## [Stored items]
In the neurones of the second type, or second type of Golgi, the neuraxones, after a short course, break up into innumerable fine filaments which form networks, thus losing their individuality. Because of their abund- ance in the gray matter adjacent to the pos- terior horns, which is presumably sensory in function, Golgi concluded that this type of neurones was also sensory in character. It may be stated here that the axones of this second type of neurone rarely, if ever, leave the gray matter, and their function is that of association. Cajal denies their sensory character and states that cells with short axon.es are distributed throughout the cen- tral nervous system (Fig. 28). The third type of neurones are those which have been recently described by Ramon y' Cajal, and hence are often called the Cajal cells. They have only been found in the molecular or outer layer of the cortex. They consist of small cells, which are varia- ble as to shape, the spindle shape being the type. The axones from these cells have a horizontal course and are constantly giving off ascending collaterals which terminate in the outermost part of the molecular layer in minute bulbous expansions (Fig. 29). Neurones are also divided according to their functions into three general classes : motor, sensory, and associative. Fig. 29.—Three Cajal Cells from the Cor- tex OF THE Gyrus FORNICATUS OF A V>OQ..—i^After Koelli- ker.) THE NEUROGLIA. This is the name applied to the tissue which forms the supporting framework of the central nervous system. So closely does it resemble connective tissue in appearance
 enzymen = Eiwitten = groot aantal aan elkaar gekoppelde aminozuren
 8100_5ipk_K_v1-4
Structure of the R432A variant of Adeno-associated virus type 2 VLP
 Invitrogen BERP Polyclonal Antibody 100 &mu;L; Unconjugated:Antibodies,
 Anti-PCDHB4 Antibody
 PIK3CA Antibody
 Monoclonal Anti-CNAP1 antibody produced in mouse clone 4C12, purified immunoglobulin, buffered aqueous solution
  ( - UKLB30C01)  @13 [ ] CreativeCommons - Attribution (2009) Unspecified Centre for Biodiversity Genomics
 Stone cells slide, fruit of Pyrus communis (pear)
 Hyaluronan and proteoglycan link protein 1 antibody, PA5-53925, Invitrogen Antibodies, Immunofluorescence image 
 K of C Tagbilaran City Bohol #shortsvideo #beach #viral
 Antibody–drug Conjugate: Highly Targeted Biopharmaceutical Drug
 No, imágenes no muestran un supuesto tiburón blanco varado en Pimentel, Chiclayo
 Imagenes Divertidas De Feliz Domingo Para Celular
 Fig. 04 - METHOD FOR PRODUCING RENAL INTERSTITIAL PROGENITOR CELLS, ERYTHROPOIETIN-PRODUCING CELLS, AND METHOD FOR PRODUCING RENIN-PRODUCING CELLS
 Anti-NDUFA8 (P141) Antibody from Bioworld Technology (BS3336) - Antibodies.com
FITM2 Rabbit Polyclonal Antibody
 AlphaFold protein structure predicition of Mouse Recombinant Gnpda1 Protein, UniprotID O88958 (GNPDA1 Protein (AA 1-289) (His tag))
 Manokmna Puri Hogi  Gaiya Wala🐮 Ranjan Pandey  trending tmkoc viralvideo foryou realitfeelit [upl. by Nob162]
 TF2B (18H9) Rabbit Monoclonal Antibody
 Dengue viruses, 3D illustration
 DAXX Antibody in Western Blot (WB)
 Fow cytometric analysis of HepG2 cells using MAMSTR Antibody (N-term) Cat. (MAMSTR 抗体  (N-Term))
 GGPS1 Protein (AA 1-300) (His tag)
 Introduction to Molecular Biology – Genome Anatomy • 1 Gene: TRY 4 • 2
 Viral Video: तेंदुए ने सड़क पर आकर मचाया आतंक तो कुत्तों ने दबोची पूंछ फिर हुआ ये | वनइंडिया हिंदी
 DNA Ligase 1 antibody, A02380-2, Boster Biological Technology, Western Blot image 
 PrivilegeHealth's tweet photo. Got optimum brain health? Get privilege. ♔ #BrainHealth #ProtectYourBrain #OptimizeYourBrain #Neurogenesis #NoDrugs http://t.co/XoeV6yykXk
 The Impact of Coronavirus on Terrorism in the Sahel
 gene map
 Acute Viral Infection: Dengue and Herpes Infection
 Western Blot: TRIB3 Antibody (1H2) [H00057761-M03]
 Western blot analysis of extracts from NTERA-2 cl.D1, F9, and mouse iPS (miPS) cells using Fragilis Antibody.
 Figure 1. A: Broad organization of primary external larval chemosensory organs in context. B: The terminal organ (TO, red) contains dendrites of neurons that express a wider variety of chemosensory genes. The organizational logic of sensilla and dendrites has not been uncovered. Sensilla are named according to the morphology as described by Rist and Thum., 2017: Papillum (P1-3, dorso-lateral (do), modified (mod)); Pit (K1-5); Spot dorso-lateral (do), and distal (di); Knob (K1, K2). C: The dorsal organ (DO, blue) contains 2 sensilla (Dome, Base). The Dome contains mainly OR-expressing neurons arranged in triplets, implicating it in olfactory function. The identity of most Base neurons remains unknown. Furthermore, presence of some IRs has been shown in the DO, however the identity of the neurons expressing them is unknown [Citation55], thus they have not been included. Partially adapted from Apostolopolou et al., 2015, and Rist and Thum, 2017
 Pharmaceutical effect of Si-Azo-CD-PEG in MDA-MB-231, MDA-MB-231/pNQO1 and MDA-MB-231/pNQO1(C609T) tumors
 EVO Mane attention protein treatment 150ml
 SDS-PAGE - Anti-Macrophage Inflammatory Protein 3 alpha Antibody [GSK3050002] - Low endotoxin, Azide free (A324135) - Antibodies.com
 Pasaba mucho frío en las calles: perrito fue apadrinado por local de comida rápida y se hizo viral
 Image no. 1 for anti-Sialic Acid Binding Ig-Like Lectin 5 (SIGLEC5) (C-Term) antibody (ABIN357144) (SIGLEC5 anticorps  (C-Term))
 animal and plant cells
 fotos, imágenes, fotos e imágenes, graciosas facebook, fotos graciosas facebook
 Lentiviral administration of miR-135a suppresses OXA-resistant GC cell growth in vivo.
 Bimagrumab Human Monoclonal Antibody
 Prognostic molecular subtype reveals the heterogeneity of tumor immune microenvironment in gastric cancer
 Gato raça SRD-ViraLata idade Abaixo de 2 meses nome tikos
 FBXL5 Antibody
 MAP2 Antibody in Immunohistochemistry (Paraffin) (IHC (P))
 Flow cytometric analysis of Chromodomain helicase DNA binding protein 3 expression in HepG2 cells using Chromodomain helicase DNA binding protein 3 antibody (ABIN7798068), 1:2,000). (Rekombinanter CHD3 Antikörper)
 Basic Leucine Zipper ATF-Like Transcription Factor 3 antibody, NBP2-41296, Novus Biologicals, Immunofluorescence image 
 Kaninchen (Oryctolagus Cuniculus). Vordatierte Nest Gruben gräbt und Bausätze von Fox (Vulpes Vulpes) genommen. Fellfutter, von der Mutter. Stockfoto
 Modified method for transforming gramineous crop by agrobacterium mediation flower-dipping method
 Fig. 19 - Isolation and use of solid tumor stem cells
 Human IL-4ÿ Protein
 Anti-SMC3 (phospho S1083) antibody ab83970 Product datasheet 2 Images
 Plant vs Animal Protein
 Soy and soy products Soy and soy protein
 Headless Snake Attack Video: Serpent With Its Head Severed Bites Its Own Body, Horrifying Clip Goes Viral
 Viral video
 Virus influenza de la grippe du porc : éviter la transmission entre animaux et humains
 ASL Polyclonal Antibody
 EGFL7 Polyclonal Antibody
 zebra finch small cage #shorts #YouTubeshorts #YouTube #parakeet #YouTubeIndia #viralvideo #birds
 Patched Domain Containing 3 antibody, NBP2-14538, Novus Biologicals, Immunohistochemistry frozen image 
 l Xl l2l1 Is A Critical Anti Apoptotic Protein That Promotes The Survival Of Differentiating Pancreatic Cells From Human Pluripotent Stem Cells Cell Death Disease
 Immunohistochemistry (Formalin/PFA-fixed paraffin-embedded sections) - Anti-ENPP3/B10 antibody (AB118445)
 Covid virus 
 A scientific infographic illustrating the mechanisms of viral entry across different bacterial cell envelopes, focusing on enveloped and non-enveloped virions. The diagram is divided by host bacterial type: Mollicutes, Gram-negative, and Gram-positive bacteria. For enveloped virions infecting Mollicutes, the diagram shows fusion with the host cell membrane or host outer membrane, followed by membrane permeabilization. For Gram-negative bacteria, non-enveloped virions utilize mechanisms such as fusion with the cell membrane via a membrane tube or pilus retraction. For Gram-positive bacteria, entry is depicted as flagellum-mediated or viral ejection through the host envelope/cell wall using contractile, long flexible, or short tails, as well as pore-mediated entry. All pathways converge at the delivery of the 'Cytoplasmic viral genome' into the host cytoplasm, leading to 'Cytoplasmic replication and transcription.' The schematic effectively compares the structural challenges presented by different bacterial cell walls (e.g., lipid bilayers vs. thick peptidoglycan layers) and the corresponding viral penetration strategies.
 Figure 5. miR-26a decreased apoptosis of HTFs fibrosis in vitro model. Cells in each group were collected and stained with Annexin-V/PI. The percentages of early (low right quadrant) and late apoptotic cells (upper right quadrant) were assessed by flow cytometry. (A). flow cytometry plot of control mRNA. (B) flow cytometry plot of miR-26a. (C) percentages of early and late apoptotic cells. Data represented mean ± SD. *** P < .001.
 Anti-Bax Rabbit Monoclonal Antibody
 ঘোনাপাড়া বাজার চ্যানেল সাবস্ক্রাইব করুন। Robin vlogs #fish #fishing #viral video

## [What to do]
Copy out the lines above exactly, beginning at the one that contains "Basic Leucine Zipper" and ending at the one that contains "Fig. 19 - Isolation".

## [Answer box]
 Basic Leucine Zipper ATF-Like Transcription Factor 3 antibody, NBP2-41296, Novus Biologicals, Immunofluorescence image 
 Kaninchen (Oryctolagus Cuniculus). Vordatierte Nest Gruben gräbt und Bausätze von Fox (Vulpes Vulpes) genommen. Fellfutter, von der Mutter. Stockfoto
 Modified method for transforming gramineous crop by agrobacterium mediation flower-dipping method
 Fig. 19 - Isolation and use of solid tumor stem cells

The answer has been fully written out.